Education for Inclusive Cities
During the past decade, the most fascinating phenomenon of human demography has been massive migration of populations from rural to urban areas. This migration has been most prominent in the Asia-Pacific region where more than half a billion people have entered cities. More than half of the world population now lives in cities.
In this great rush for urbanization, cities have become far more stratified and exclusionary than before. Not only regions of a city have gated communities, access to high quality services of water, sanitation, transportation etc; many of these ‘elite’ parts of big cities also have high quality educational and cultural facilities and institutions for their citizens.
Yet, an increasingly larger proportion of city-dwellers are living in poor conditions, earn low incomes and wages, engage in informal occupations (like vending, hawking, rag-picking, construction, etc), live in informal settlements which are not recognised by municipal authorities. However, their economic contribution to the life of the city is enormous.

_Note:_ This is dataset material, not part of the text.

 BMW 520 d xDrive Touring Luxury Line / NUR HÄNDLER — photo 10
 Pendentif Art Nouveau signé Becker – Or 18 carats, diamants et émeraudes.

A brief look at the great cities of human civilization would suggest that the social and human scaffolding was essential for economic activity to thrive. Great cities have many educational institutions at post-secondary levels; welcoming cities have cultural institutions that promote learning (like museums, libraries and music/theatre/art centres). In a way, cities promote learning, life-long learning, of their citizens.
It is in recognition of this reality that two interesting recent developments are worth mentioning. First, at the initiative of UNESCO/UIL, an International Platform of Learning Cities is being promoted, and a major conference is being planned in Beijing in October. PASCAL International Observatory is convening its Asia-Pacific conference on Learning cities in Hong Kong in mid November.
Two sets of issues are important for these initiatives to keep in focus. First, cities have elites and the poor (homeless, jobless); learning institutions, efforts and policies must not exclude these informal inhabitants of cities. They are poor, hence learning opportunities for them must be even more actively designed. If urban poor do not get access to learning resources and opportunities, they will remain ghettoized.
Second, in most cities, local governments are active; sometimes democratically elected, sometimes not, municipalities have councilors and mayors. It is important that mayors and other leaders of municipal governance own and drive these efforts of making their cities learning-oriented. Local political and institutional leadership must be engaged right from the beginning. Otherwise, experts will create plans that no one wants to own.
By virtue of their homes in cities, post-secondary educational institutions have potential for an enormous contribution in learning cities. However, such educational institutions must keep in focus the twin requirements of inclusive cities (cities for all citizens) and the central responsibility of local governments, municipalities, councilors and mayors in its realization.